Ya sé que no me cree, pero todo está en las cartas, si sabes interpretarlas.
¡Vale! Hasta aquí hemos llegado. No me haga perder más tiempo, por favor.
Ganaré el concurso. Seré la nueva Susan Boyle. Conseguiré contratos. Y usted me rogará que ingrese mi dinero en su puto banco.
De acuerdo. Hablaremos entonces. De momento, salga de mi despacho.
Vale. Empecemos de nuevo. No tengo más remedio que hacer esto, y le va a doler.
Voy a llamar a seguridad —advierte él, levantándose. Ha advertido el peligro en su voz.
¡Siéntese y escúcheme! —exclama Anamar y su orden suena como el chasquido de un látigo. El señor Pérez, director de la sucursal de una importante entidad bancaria, se sienta de golpe y se queda mirándola con un gesto asombrado. Es como si alguien le hubiera empujado hacia su cómodo sillón, pero ella no se ha movido ni un centímetro.
¿Qué demonios...?—masculla, incrédulo, sin poder levantarse a pesar de sus esfuerzos.
Eso dice mi madre, que estoy endemoniada, porque a veces pasan cosas cuando me enfado o cuando estoy muy asustada.
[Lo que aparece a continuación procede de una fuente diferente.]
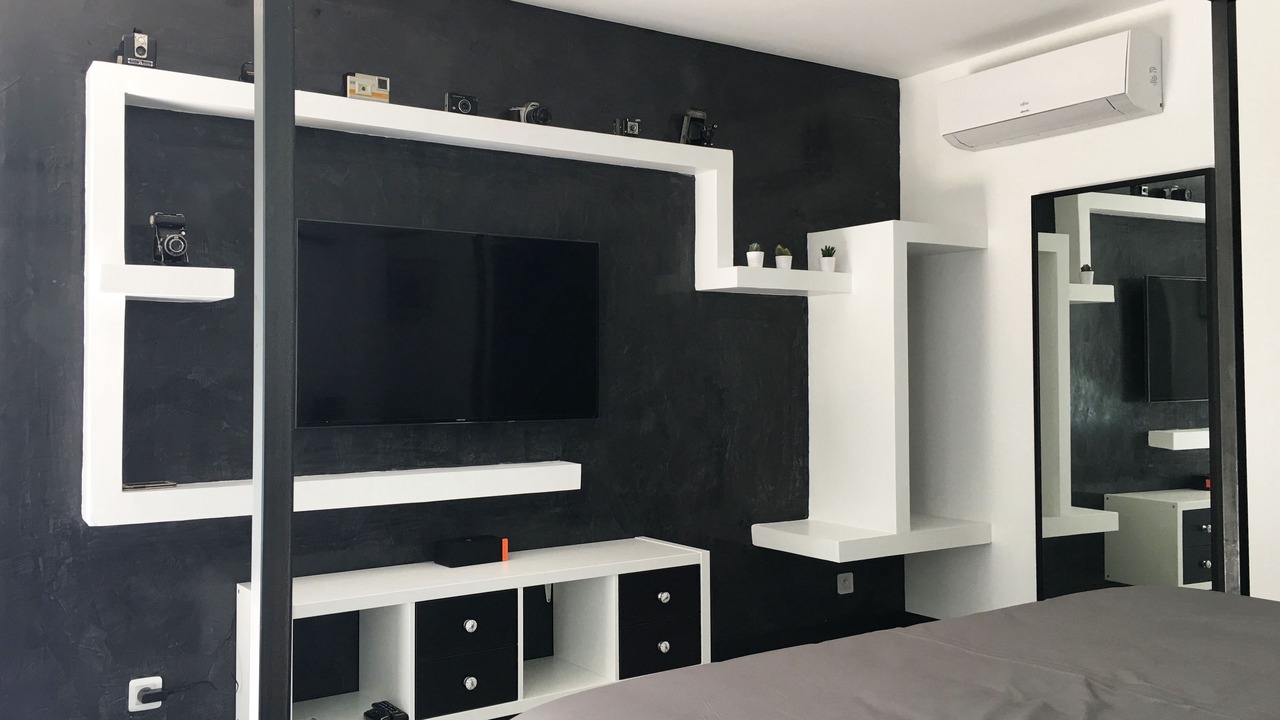 Photo of Others in Tulette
Ahora mismo reúno las dos condiciones para que usted no salga vivo de aquí, pero tiene familia que no se merece perderle, aunque sea un cretino.
¡Llamaré a seguridad!—repite él, con un hilo de voz. Ni sus cuerdas vocales ni su brazo funciona. No puede llamar por teléfono. Siente un ahogo muy difícil de explicar.
No lo hará. Solo moverá esa mano tan fina con su manicura perfecta, para firmar el documento que me conceda el préstamo. Si alguien le recrimina que fue una decisión arriesgada, le dirá que cree en mí, que pagaré aunque me muera de hambre, hasta que llegue mi momento y sea famosa. Mientras tanto, mis padres, unos pensionistas que han pasado su vida entre el trabajo y la iglesia, no perderán su casa por no poder pagar la hipoteca.
¡No puedo hacer eso! ¡No sé qué me está haciendo, pero no podrá conmigo!
Si que podré. Porque no saldremos de aquí hasta que firme. Y le aseguro que si una vez me marche, rompe o anula esos documentos, no llegará a salir vivo de esta puta sucursal.
Por un momento se celebra un duelo de voluntades. Él es demasiado racional para creer que esa chica mojigata que se viste como la beata de su madre, sea una nueva versión de la sangrienta Carrie de Stephen King, pero todo apunta a que así es. Lo que tiene claro es que está loca y que acabará con él si no firma esos documentos. Traga saliva, valorando sus posibilidades.
Piénselo un instante. ¿Cómo le tengo sujeto? Con el poder de mi mente, señor Pérez. El mismo poder que uso para leer mis cartas y ver mi brillante futuro. No tengo muchos estudios. He trabajado desde muy joven para ayudar a mis padres, gente pobre pero honrada, que no han hecho daño a nadie en su vida. Yo, por desgracia para usted, no soy tan buena. He pasado la vida temiendo la cercanía de la gente, aunque luché por ser normal y formar una familia. Ahora tendré mi momento de gloria. Y usted obtendrá sus beneficios por haber firmado ese documento. Pero si no lo hace, usted morirá y yo me dirigiré a otro banco. Decida —le da el ultimatum con voz calmada.
De acuerdo. Firmaré. Esto es muy extraño, pero lo haré. Defenderé ante mis superiores la conveniencia de este préstamo. Incluso la avalaré personalmente, si no hay otro remedio. Y más le vale ganar ese puto concurso, o la hundiré en la miseria y a sus padres con usted.
Anamar sonríe triunfante. Desde que desarrolló su poder en sus largas horas en soledad, nada se le resiste. Incluso los viejecitos que cuida están mejor de la memoria. Mientras él estampa su temblorosa firma en los formularios, ella comienza a pensar en el casting. No puede llevar sus faldas largas hasta la pantorrilla ni sus blusas abrochadas hasta el cuello. Ha llegado la hora de vestir ropa moderna y de liberar esa gran voz que solo suena en la ducha o en la iglesia.
Cuando sale a la calle, con su préstamo concedido, respira hondo y saborea el instante.
Este mundo es una puta mierda, pero ya no tengo miedo —se repite como un mantra.